DESCRIPTION OF THE TASK: The response should consist only of the lines from the one with "Sklízecí mlátičky John Deere 975" to the end of the data below, copied exactly and without pictures.

(PROVIDED DATA begins)

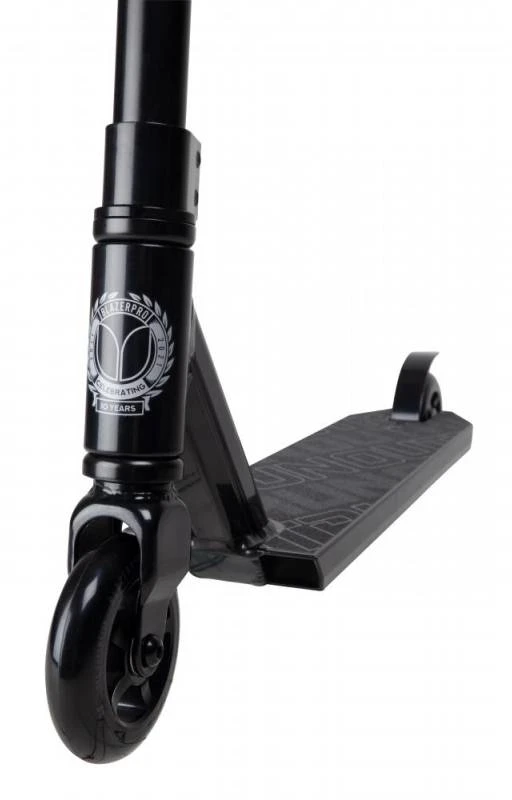 Triukinis paspirtukas Blazer Pro Outrun 2 juodas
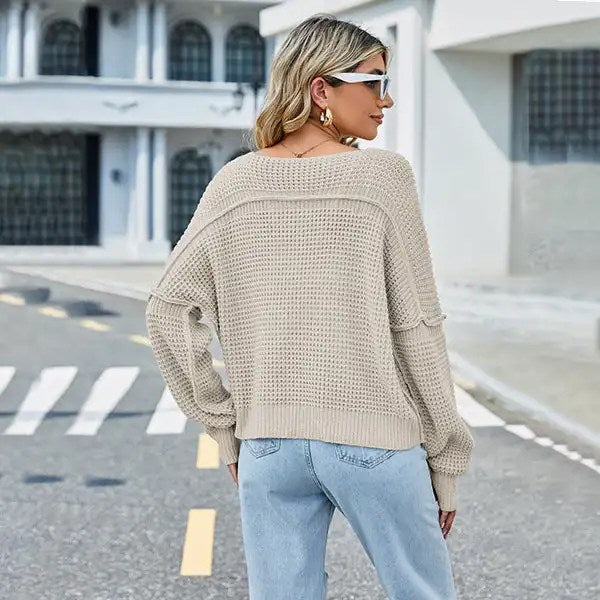 Upgrade Your Wardrobe with Our Versatile V-Neck Knit Tops for Women - Perfect for Spring and Autumn!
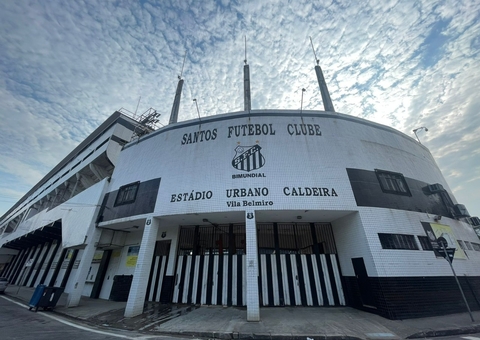 Santos é notificado pela Fifa e vê Pedro Caixinha irredutível por acordo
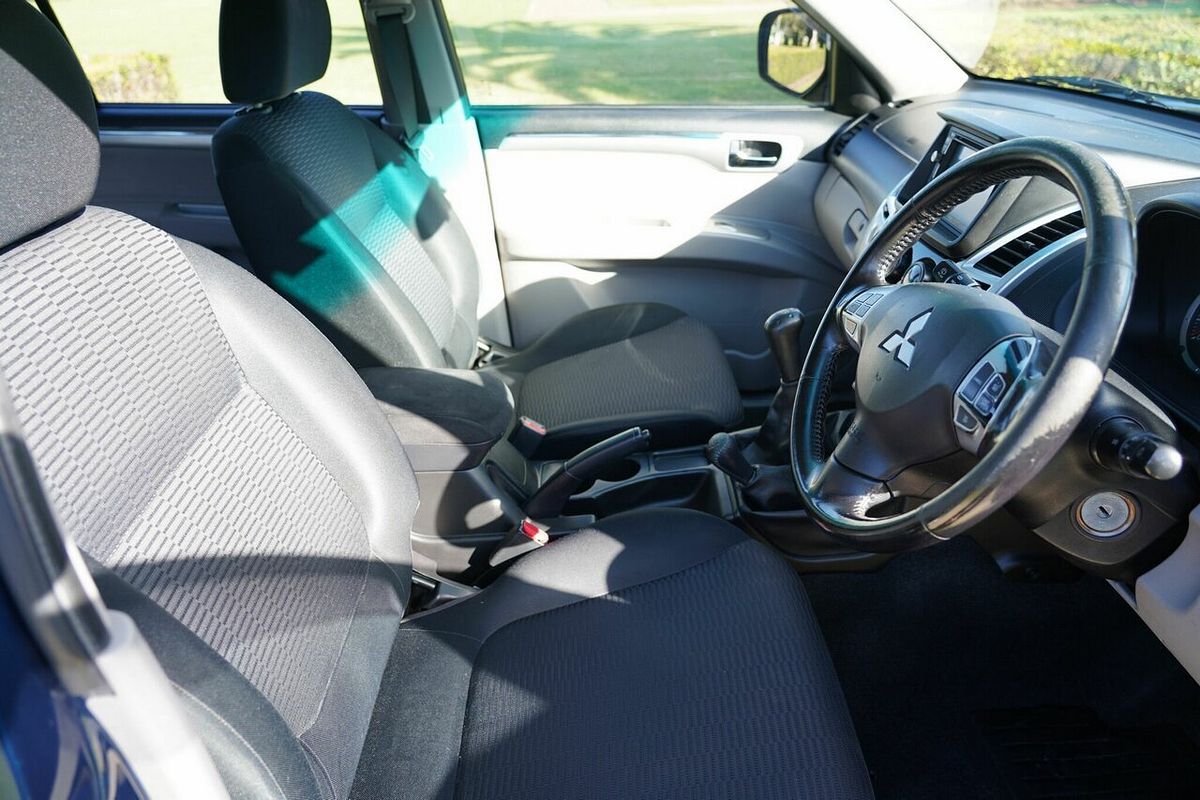 2010 Mitsubishi Challenger LS (5 Seat) (4x4) PB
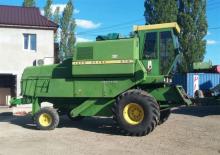 Sklízecí mlátičky John Deere 975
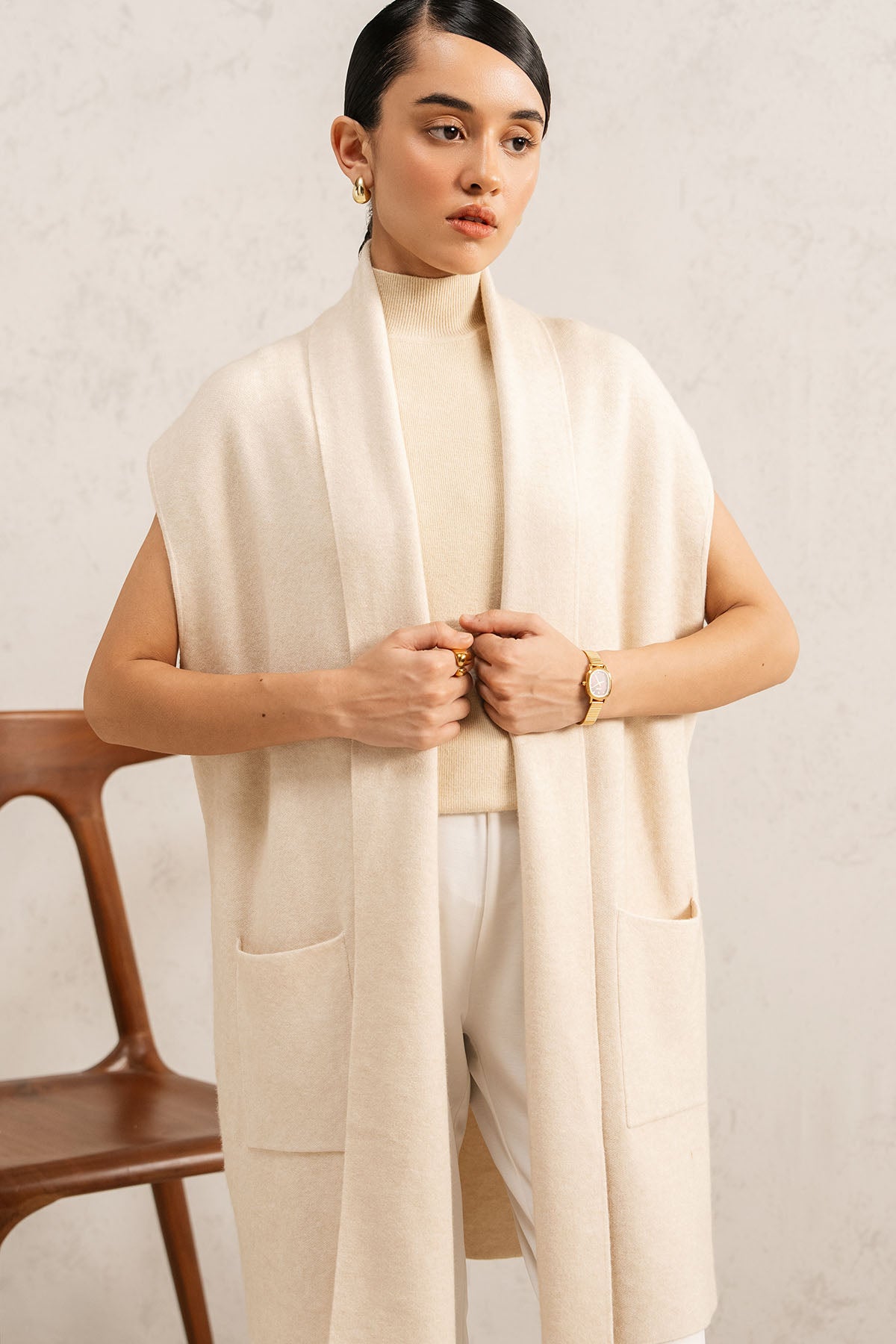SLEEVELESS OPEN CARDIGAN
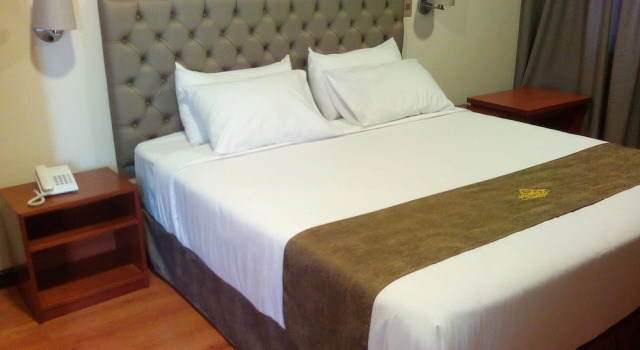 Полулюкс Hotel Boutique Candamo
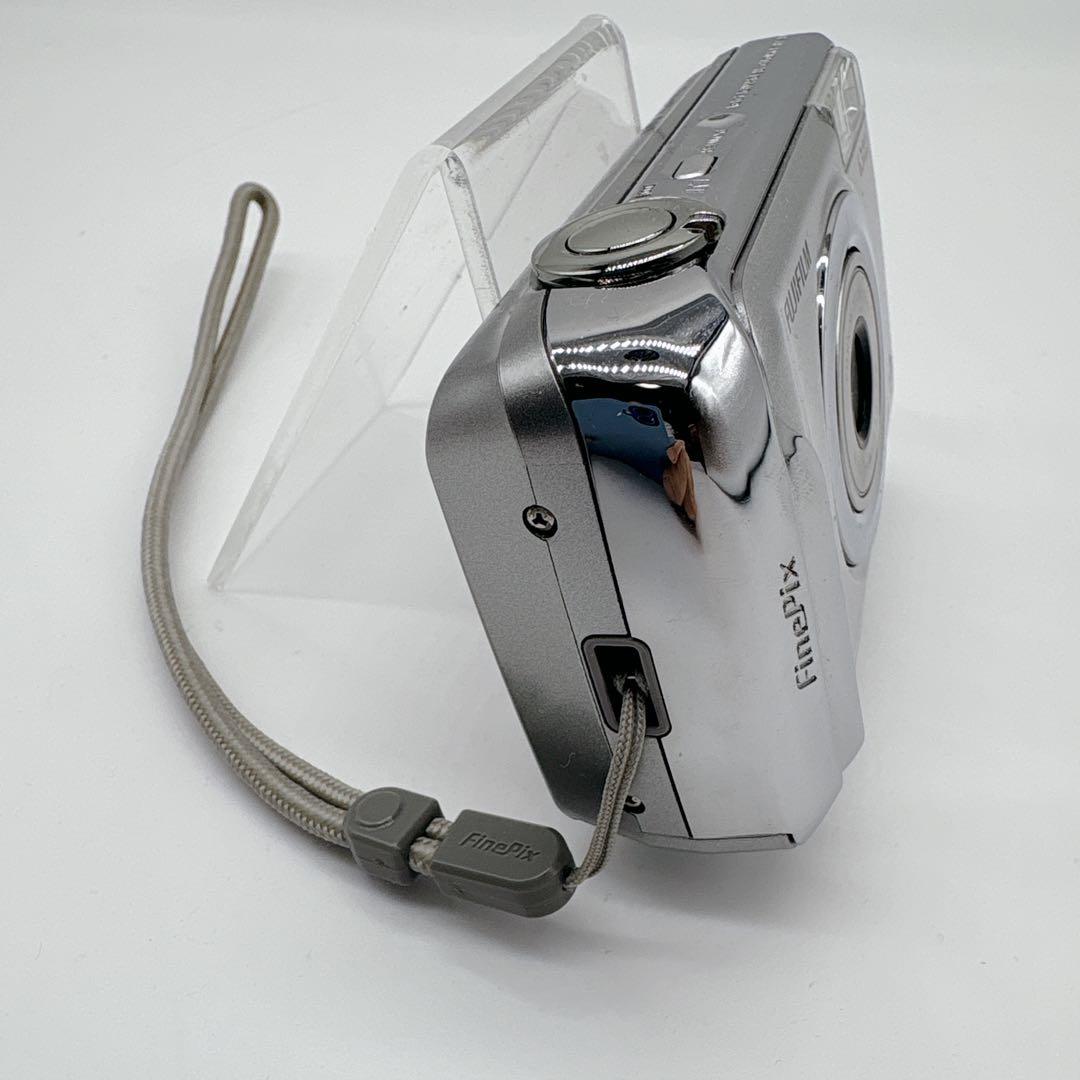 FUJIFILM FinePix A610 デジタルカメラ 単三電池使用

(PROVIDED DATA ends)

SOLUTION TO THIS PROBLEM:
 Sklízecí mlátičky John Deere 975
SLEEVELESS OPEN CARDIGAN
 Полулюкс Hotel Boutique Candamo
 FUJIFILM FinePix A610 デジタルカメラ 単三電池使用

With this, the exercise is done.